Paint pens are used in many industries. Craft industries utilize many varieties of paint pens, whereas construction and other industries rely on the permanence and durability of oil-based paint pens. Oil-based paint pens, according to How To Arts and Crafts website, retain their color vibrancy despite exposure to UV light. This resistance to fading makes the oil-based paint pen a perfect candidate for outdoor usage. Craft paint pens are often removed from surfaces with soap and water, but oil-based paint pens require more extensive removal procedures to eliminate the paint from surfaces such as metal.
Hold a steel wool pad over a disposable container, such as a clean margarine tub, and pour paint thinner onto the pad until completely saturated. Steel wool pads and paint thinner can be purchased at discount, hardware and home improvement stores.
Scrub the oil-based paint on the metal in a tight, circular motion. Press the steel wool pad firmly against the metal surface while rubbing. If the metal is a softer metal surface, watch for scratching to the metal. Stop using the steel wool and switch to a cloth rag to avoid scratching the metal. If the metal is painted, the paint thinner will strip the paint from the metal as well as cleaning the oil-based paint pen paint from the metal.
Wipe the excess paint thinner from the metal with a cloth rag. Continue scrubbing the oil-based paint on the metal with the steel wool pad until the paint is removed.
Saturate a clean cloth rag with mineral spirits and scrub the area where the paint remover was used to remove the oil-based paint from the paint pen. According to United States General Services Administration, mineral spirits is necessary to eliminate trace amounts of oil-based paint and paint remover residue. Mineral spirits, alone, are often used as a paint remover. Mineral spirits are available for purchase at hardware, discount, paint and home improvement stores.

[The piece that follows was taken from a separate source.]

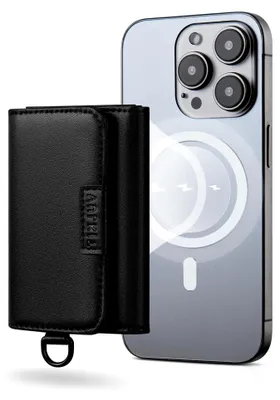 Produktbild von Magnetisches Kartenetui für bis zu 8 Kreditkarten, Leder Kartenhalter für iPhone 12 bis 17, Schwarz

Wipe the area with a damp sponge. Dry the metal thoroughly with paper towels or dry rags.
Clean up the steel wool, disposable container, and any rags containing paint removing chemicals by completely saturating with water. Ideally, these items that have been exposed to chemicals should be sealed in a coffee or paint can or some other metal container and disposed of according to your city or county's hazardous waste codes.